I was happy to help, but sad that this is a common struggle for parents - no matter how much help or support they get for their students outside of school, they always seem to come to school in the mindset that it will be a confrontation.  The sad thing is, it is probably more common that parents have to "battle" schools then it is a cooperative working relationship.   Thus far in my career I've been lucky enough to work at schools where the teachers genuinely care, putting in a lot of extra time for their students.  And although we have rules - it was nice to be able to help refocus the parents on what was truly important instead of everyone stressing about grades (especially when the parent was not actually concerned with their student even graduating on time!).

While in that meeting I knew exactly where my thought process was coming from - my parents.  All throughout school doing well was important to me.  I don't remember any real pressure from my parents in regards to grades, but as a kid it was always my goal to get good grades.  Then comes college... long story short I get hit hard in Calculus (a class I shouldn't have been in really...).  I make the call home to prepare them for a potentially horrible grade.  I was so stressed and worried about what they would say.  But on the other end I got the most wonderful message:  Michael, we know you are trying your best, and that is all we can ask.  We know you are trying your best and doing what you can.  We know you aren't out partying* and neglecting your studies, so if a D is the best that you can do in a course, then I am happy with a D.

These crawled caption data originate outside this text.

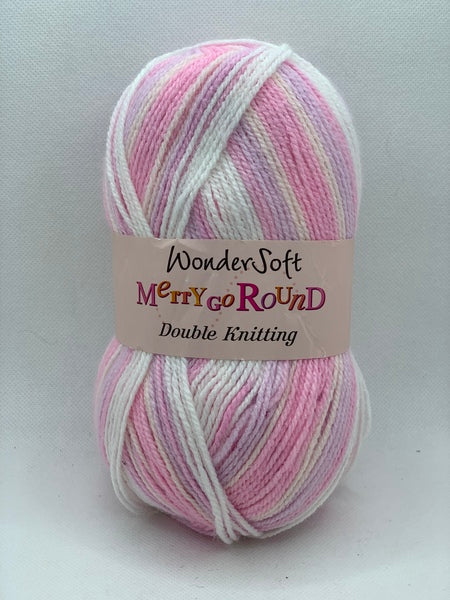 Stylecraft Merry Go Round Double Knit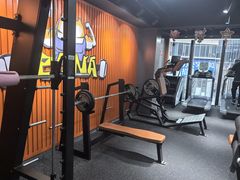 -博纳私人订制健身(中集美兰湖店)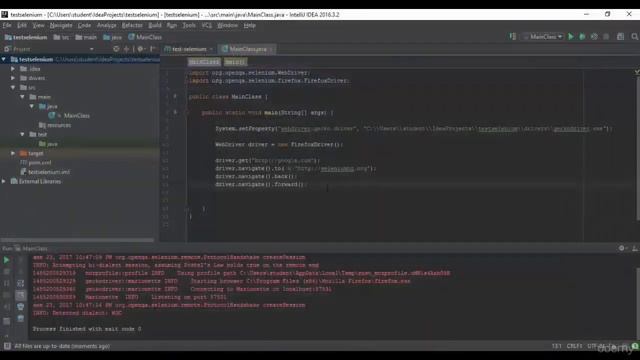 40 - Selenium WebDriver Java - Selenium WebDriver смотреть онлайн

Seriously.  That took so much weight off my shoulders.  I knew how heavy the focus on grades can be (whether it's self imposed or not) and I was so glad that the parent got the message.  But more importantly I have to thank my parents for giving me that gift as well.  So, whenever a parent asks if I have kids (as in, how can you relate) I always smile and think - nope, but I had great parents!

* As anyone who knew me at Uconn - you might say I partied.  Was there anything else to do at Uconn??  But partying never got in the way of my classes... or vice versa... whichever sounds better.  I always attended class and got my work done before any partying ensued.